• SUPPLIED MATERIAL:
-=-=-=-=-

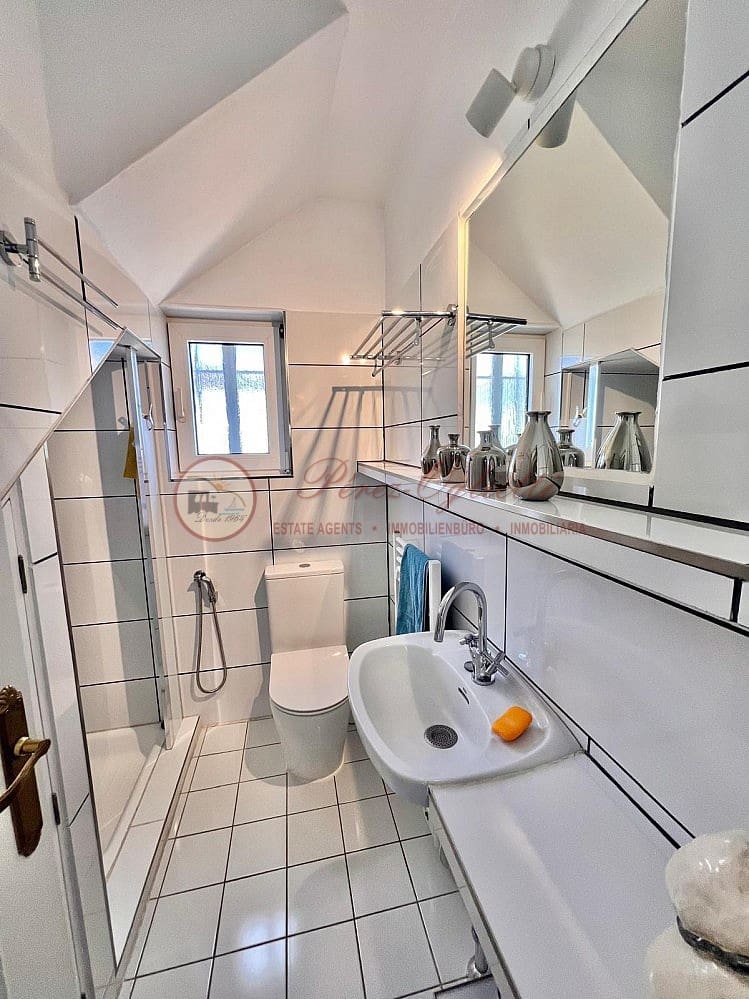 Chalet de 3 habitaciones en Nerja en venta con piscina - 695.000 € (Ref: 9566505)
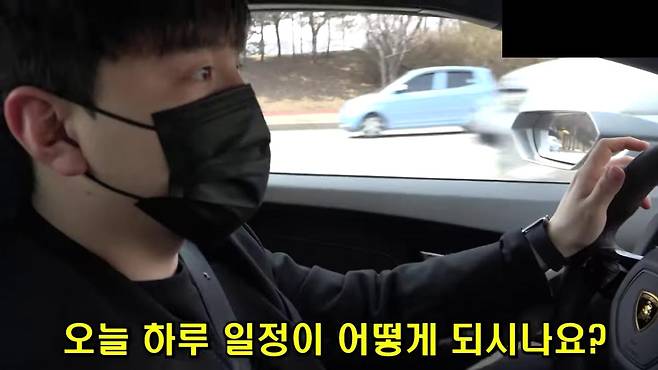 7년 만에 월 800억 프랜차이즈의 대표가 된 알바생 | 유텍스트 머니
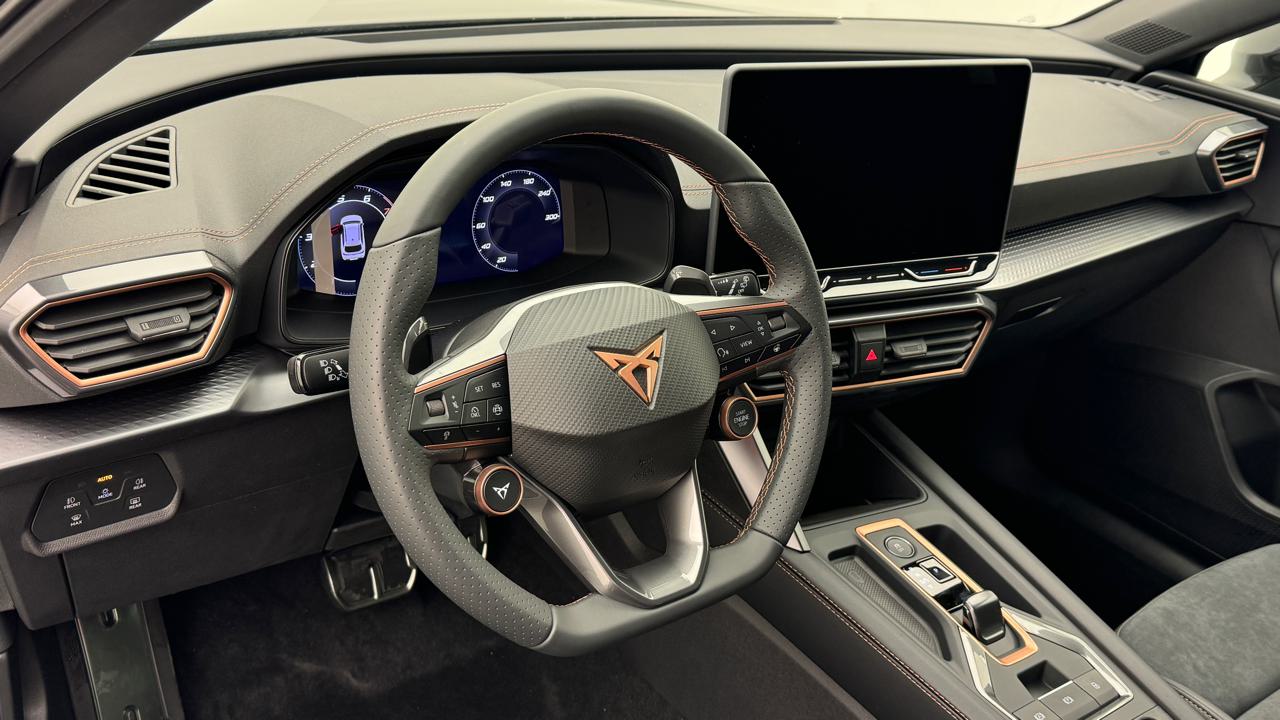 Cupra<br>LEON ST 1.5 e-HYBRID pHEV VZ Black Edition DSG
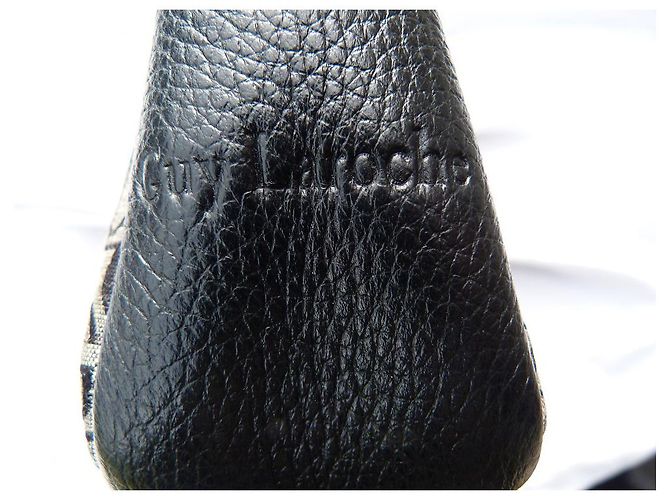 Guy Laroche monogram - view 6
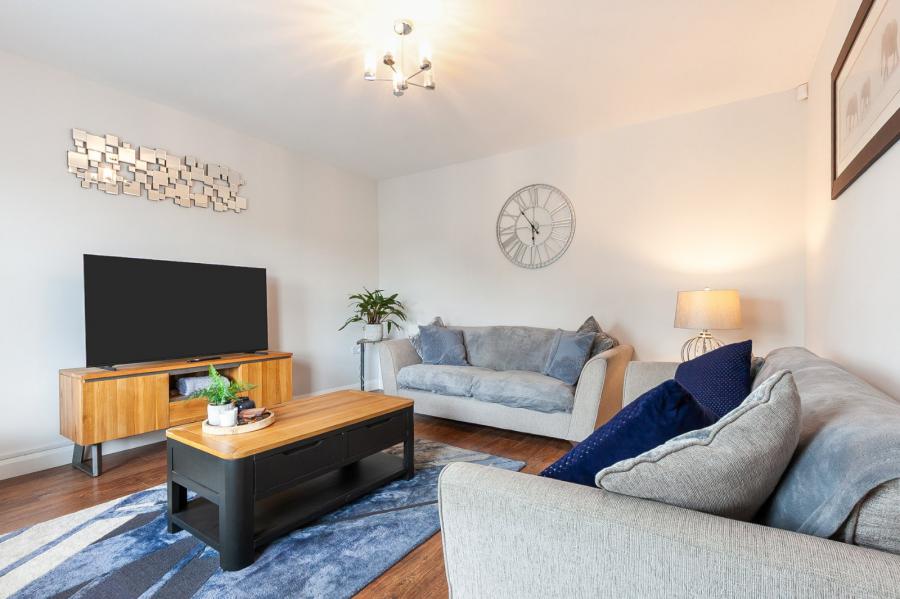 15 Mount Davys Road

-=-=-=-=-

In your copy, include no pictures; print every line above exactly.

 Chalet de 3 habitaciones en Nerja en venta con piscina - 695.000 € (Ref: 9566505)
 7년 만에 월 800억 프랜차이즈의 대표가 된 알바생 | 유텍스트 머니
 Cupra<br>LEON ST 1.5 e-HYBRID pHEV VZ Black Edition DSG
 Guy Laroche monogram - view 6
 15 Mount Davys Road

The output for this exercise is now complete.